What Is SEC Form 10?
SEC Form 10 is a filing with the Securities and Exchange Commission (SEC), also known as the General Form for Registration of Securities. It is used to register a class of securities for potential trading on U.S. exchanges. Any company with over $10 million in total assets and 750 or more shareholders is required to file a Form 10 with the SEC.
Any company under these thresholds may file a Form 10 voluntarily. The Form 10 registration statement automatically becomes effective sixty days post-filing.
- SEC Form 10, or the General Form for Registration of Securities, is a required regulatory filing for an entity that wishes to sell or issue securities.
- The form is a necessary requirement pursuant to Section 12(b) or (g) of the Securities Exchange Act of 1934, but is not sufficient on its own to register.
- It is only required by companies with more than $10 million in assets and 750 shareholders or more, and voluntary if these thresholds are not met.
Understanding SEC Form 10
The filing of SEC Form 10 is a necessary but insufficient step to register securities for trading. Financial Industry Regulatory Authority (FINRA) must approve the trading of the securities.
When the registration statement takes effect, other reporting requirements are triggered. The issuer must file annual reports (10-K), quarterly reports (10-Q), current reports (8-K) and annual proxy statements.

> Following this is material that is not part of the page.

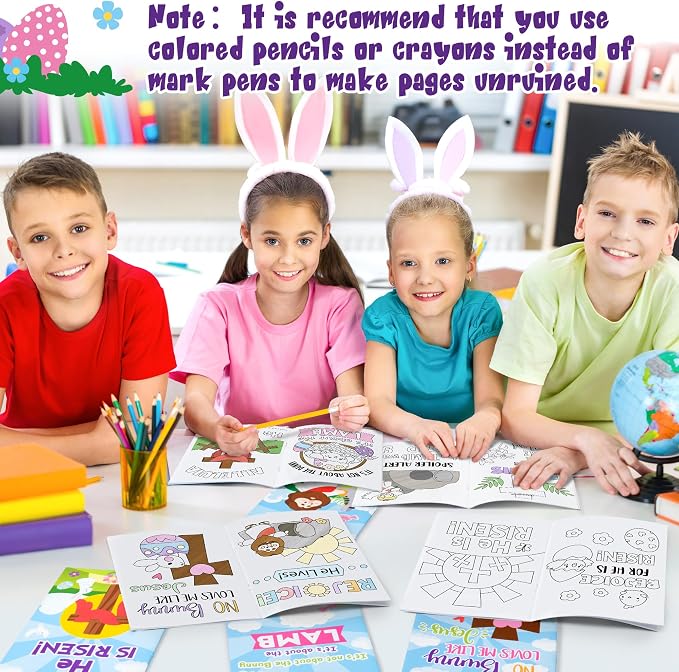 24Pcs Easter Religious Coloring Books - Christian DIY Color-in Pages Booklet Bulk Drawing Easter Theme Activity Party Supplies for School Classroom Rewards Holiday Artwork Gift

In addition, management and shareholders become subject to the beneficial ownership reporting requirements of Sections 13 and 16 of the Securities Exchange Act of 1934.

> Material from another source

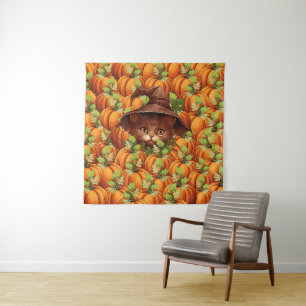 TENTURE CITROUILLES DE THANKSGIVING CHAT MIGNON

The Elements of SEC Form 10
The General Form for Registration of Securities includes the following items that need to be furnished:
- Risk Factors
- Financial Information
- Security Ownership of Certain Beneficial Owners and Management
- Directors and Executive Officers
- Executive Compensation
- Certain Relationships and Related Transactions, and Director Independence
- Legal Proceedings
- Market Price of and Dividends on the Registrant's Common Equity and Related Stockholder Matters
- Recent Sales of Unregistered Securities
- Description of Registrant's Securities to be Registered
- Indemnification of Directors and Officers
- Financial Statements and Supplementary Data
- Changes in and Disagreements with Accountants on Accounting and Financial Disclosure
- Financial Statements and Exhibits
Three complete copies of the registration statement, including financial statements, exhibits and all other papers and documents filed as a part thereof, and five additional copies which need not include exhibits, shall be filed with the SEC. At least one complete copy of the registration statement, including financial statements, exhibits and all other papers and documents filed as a part thereof, shall be filed with each exchange on which any class of securities is to be registered. At least one complete copy of the registration statement filed with the SEC and one such copy filed with each exchange shall be manually signed. Copies not manually signed shall bear typed or printed signatures.
Information required by any item or other requirement of the Form 10 with respect to any foreign subsidiary may be omitted to the extent that the required disclosure would be detrimental to the registrant. However, financial statements, otherwise required, shall not be omitted pursuant to this instruction. Where information is omitted pursuant to this instruction, a statement shall be made that such information has been omitted and the names of the subsidiaries involved shall be separately furnished to the SEC . The SEC may, in its discretion, call for justification that the required disclosure would be detrimental.